2 lbs chicken breasts or chicken breast tenders... (whatever's cheaper)
1 celery stick
2 garlic cloves
1/2 tsp salt
1/2 tsp pepper
Spicy mayo mixture:
4 Tbsp mayo
1 Tbsp sour cream
Juice of 1 lime
1/2 teaspoon (5ml) distilled white vinegar
1 Tbsp extra-virgin olive oil
3 whole jalapeño chills, roughly chopped
1/2 cup fresh cilantro leaves
2 medium cloves garlic
1 Tbsp aji amarillo paste (if you can't find this, use 2 chopped habanero peppers)

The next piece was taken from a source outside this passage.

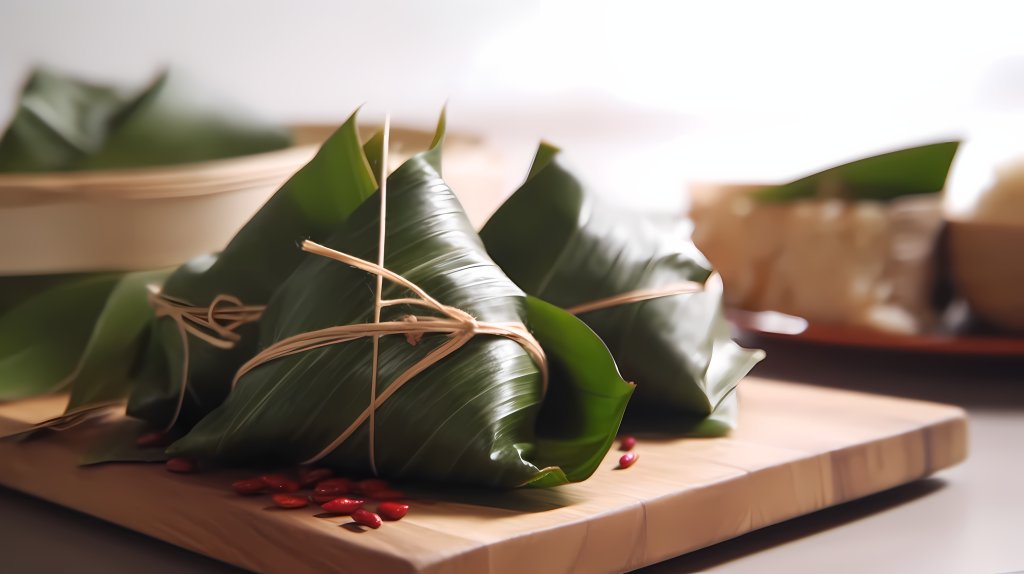 木盘中的绿色粽子摄影图片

Fried shredded sweet potato:
1 shredded sweet potato
Oil to deep fry
2 Avocados (optional, I like to spread this on the rolls)
Favorite hot sauce
Preferred bread, I use telera rolls.
Add the chicken, onion cut in half or quarters, salt, pepper, the garlic cloves and the celery stick in pieces to a large pot. Fill with hot water until you have enough to cover the breasts + 1 inch headroom. Bring the pot to a boil, reduce heat to a simmer and cover. Cook for 16-20 minutes or until easy to shred with fork. (165 internal temp) Blend together spicy mayo mixture ingredients. I use an immersion blender and a small/medium pot for this but you can use a pestle and mortar, blender or food processor too. Put in fridge. It should solidify shortly. Once the chicken is fully cooked, shred it in a large bowl with the help of a couple of forks. Stir spicy mayo mixture into the shredded chicken until combined. Add a little at a time until the chicken/mayo mixture achieves desired consistency.
Fill a small pot with oil and fry the shredded sweet potatoes until crisp.
Spread mashed avocado (if desired) on lightly toasted bread halves and/or a little mayo (or a little reserved spicy mayo mixture)
Layer shredded chicken mixture, hot sauce (if desired), tomato, fried shredded potatoes, and lettuce. Makes about 4 or 5 sandwiches.